### PROBLEM STATEMENT
Find the lines in the records below that contain "create", and report each of them.

### DATA PROVIDED
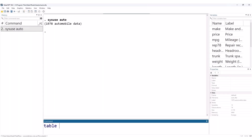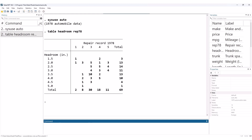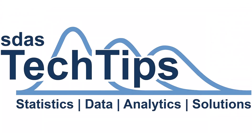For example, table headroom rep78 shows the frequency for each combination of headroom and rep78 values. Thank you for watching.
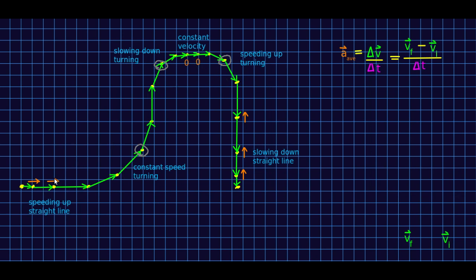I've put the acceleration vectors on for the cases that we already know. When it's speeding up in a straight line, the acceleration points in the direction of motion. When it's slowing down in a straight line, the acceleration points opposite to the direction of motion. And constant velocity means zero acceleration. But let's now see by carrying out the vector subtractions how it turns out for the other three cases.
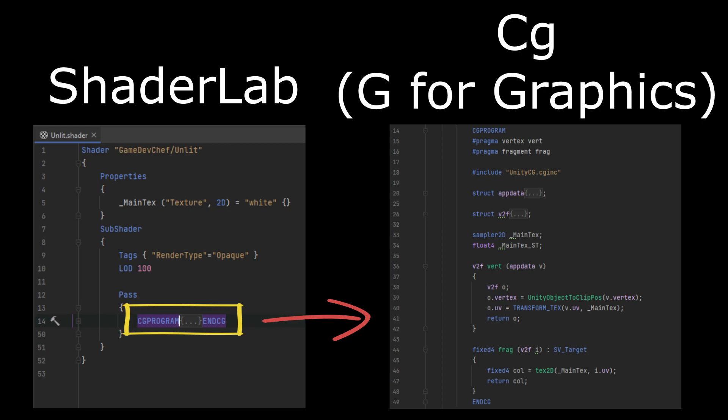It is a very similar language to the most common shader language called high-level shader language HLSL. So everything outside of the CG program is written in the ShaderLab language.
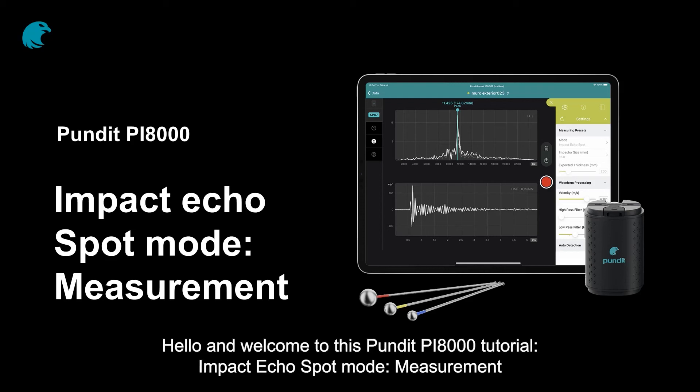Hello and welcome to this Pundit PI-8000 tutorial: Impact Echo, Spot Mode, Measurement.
...
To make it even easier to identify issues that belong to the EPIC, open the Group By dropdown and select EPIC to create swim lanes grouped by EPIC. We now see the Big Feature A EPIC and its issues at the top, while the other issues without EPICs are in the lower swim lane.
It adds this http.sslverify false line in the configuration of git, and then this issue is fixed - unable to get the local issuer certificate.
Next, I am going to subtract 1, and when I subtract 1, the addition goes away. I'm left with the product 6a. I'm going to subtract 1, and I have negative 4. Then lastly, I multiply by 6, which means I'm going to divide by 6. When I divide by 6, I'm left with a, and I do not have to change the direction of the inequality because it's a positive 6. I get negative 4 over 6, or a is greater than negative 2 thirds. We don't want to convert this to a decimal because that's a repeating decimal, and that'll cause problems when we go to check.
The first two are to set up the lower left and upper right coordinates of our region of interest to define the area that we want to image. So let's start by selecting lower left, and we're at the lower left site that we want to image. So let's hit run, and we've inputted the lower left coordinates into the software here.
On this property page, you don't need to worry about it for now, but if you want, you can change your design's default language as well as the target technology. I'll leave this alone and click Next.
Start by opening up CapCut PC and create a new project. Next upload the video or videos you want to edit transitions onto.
* * *
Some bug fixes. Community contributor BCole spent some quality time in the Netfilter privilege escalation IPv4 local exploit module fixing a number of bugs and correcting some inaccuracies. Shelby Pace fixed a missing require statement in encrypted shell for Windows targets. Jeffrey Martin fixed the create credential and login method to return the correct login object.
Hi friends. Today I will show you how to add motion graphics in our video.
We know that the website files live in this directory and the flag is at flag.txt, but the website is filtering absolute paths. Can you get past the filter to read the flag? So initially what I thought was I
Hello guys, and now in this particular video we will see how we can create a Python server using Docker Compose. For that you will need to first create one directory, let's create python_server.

### OUTPUT BELOW
To make it even easier to identify issues that belong to the EPIC, open the Group By dropdown and select EPIC to create swim lanes grouped by EPIC. We now see the Big Feature A EPIC and its issues at the top, while the other issues without EPICs are in the lower swim lane.
Start by opening up CapCut PC and create a new project. Next upload the video or videos you want to edit transitions onto.
Some bug fixes. Community contributor BCole spent some quality time in the Netfilter privilege escalation IPv4 local exploit module fixing a number of bugs and correcting some inaccuracies. Shelby Pace fixed a missing require statement in encrypted shell for Windows targets. Jeffrey Martin fixed the create credential and login method to return the correct login object.
Hello guys, and now in this particular video we will see how we can create a Python server using Docker Compose. For that you will need to first create one directory, let's create python_server.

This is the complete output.